More concerning than what anyone knew of the players beforehand is how those players turned out. Marcos Alonso is by far the most successful of the deadline day arrivals. Antonio Conte inspired one good season out of David Luiz, but Luiz was always a stop-gap. Those tensions contributed to Conte’s undoing. And in 2015, the year without any major summer signing, the deadline day arrivals were Papy Djilobodji and Michael Hector.
The Blues had better outcomes with their late signings in some earlier seasons. Juan Mata, Cesar Azpilicueta and Willian all arrived in the last week of August of 2011, 2012 and 2013, respectively.
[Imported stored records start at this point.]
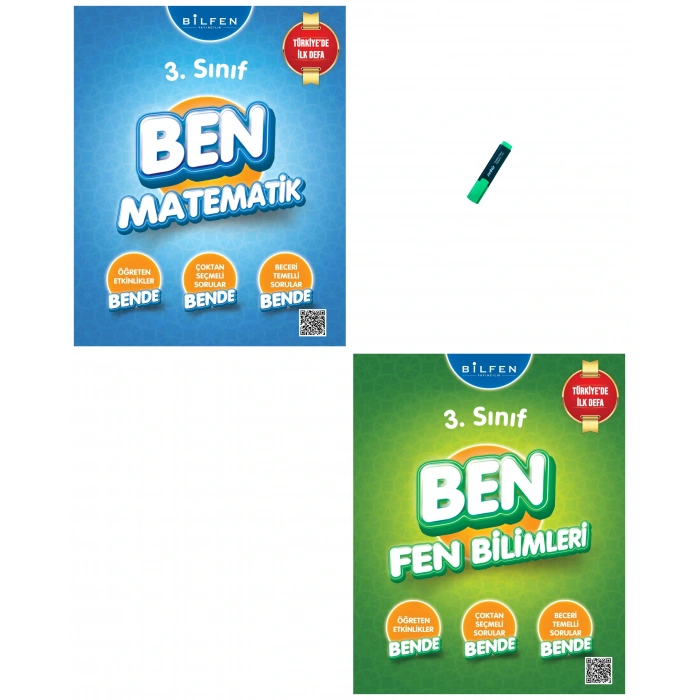 3. Sınıf Ben Serisi Etkinlikli Matematik ve Fen Bilimleri Soru Bankası
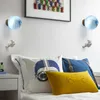 Wall Lamp Copper Moon Minimalist LED Lamps For Children's Room Bedroom Beside Background Home Creative Astronaut Boy Toy Lustres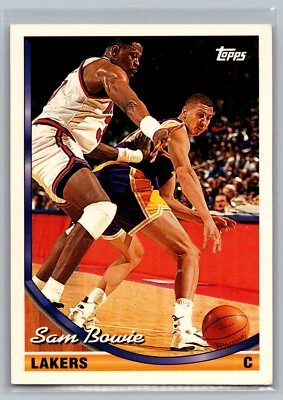 1993-94 Topps Sam Bowie #318 Los Angeles Lakers - Image 1 of 2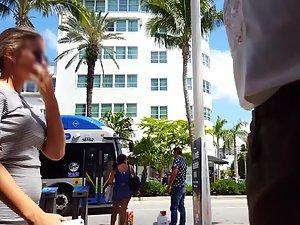 Sexy hottie in a very tight dress Picture 5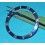 Old 90's Dark Blue color Rolex Submariner Tutone 16803, 16613, 16808, 16618, Gold Watch Bezel Insert Part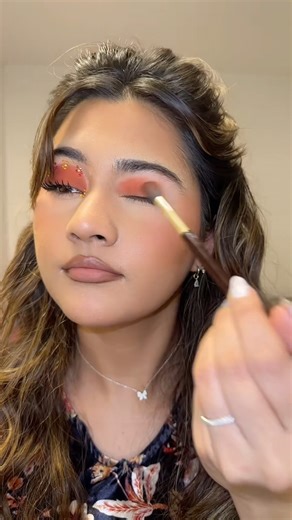 Orange eyeshadow tutorial 🧡✨❤️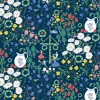 Midsommardans blå kuddfodral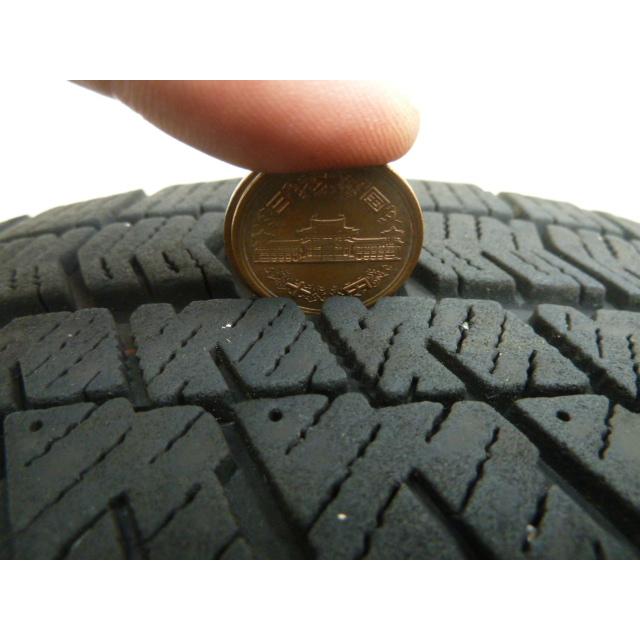 【中古】ブリヂストン スタッドレスタイヤ 4本 ブリザック 14インチ 155/65R14 75Q 2021年 BLIZZAK VRX2 冬タイヤ ホイール 4穴_9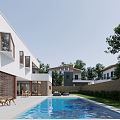 Modern single-family villa 3d model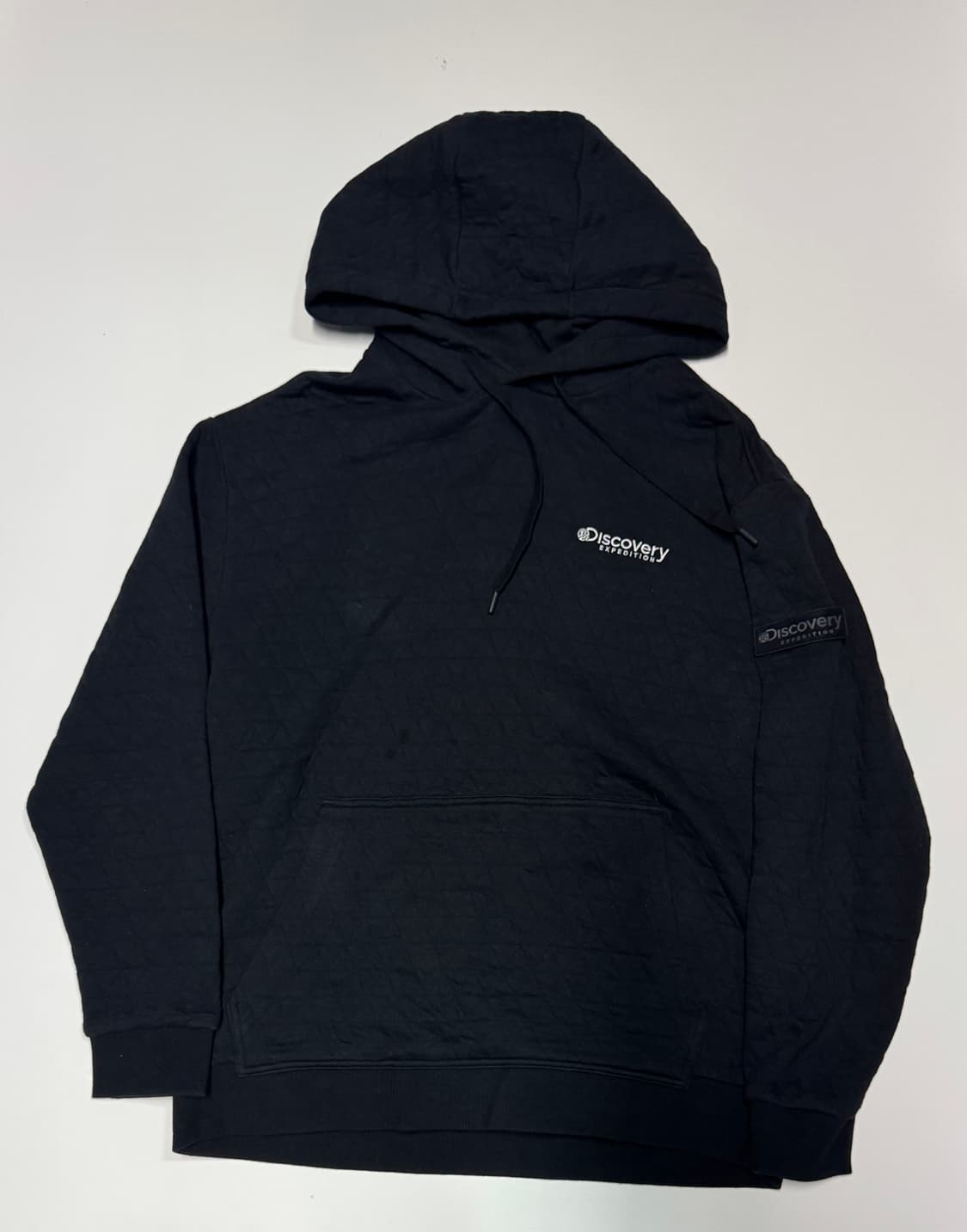 디스커버리 21년도 블랙 와팬 퀄팅 후드티 2XL 상품이미지1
Perhaps it is significant that these players arrived late, but not as late as possible. The week between their signing days and the deadline could mean the difference between a quietly hopeful buy, and a desperation panic buy.
Chelsea FC love their patterns and, without Michael Emenalo to steer the course, many patterns are on auto-pilot. The club are doing what they think Emenalo would have them do, without any of the plan or purpose Emenalo (or any technical director) would bring. They have fulfilled the first portion of the summer program, and are eight days away from potentially executing the second.
If they must adhere to this way of doing things, fingers crossed for another Alonso or Azpilicueta. But the odds are ever not in our favour.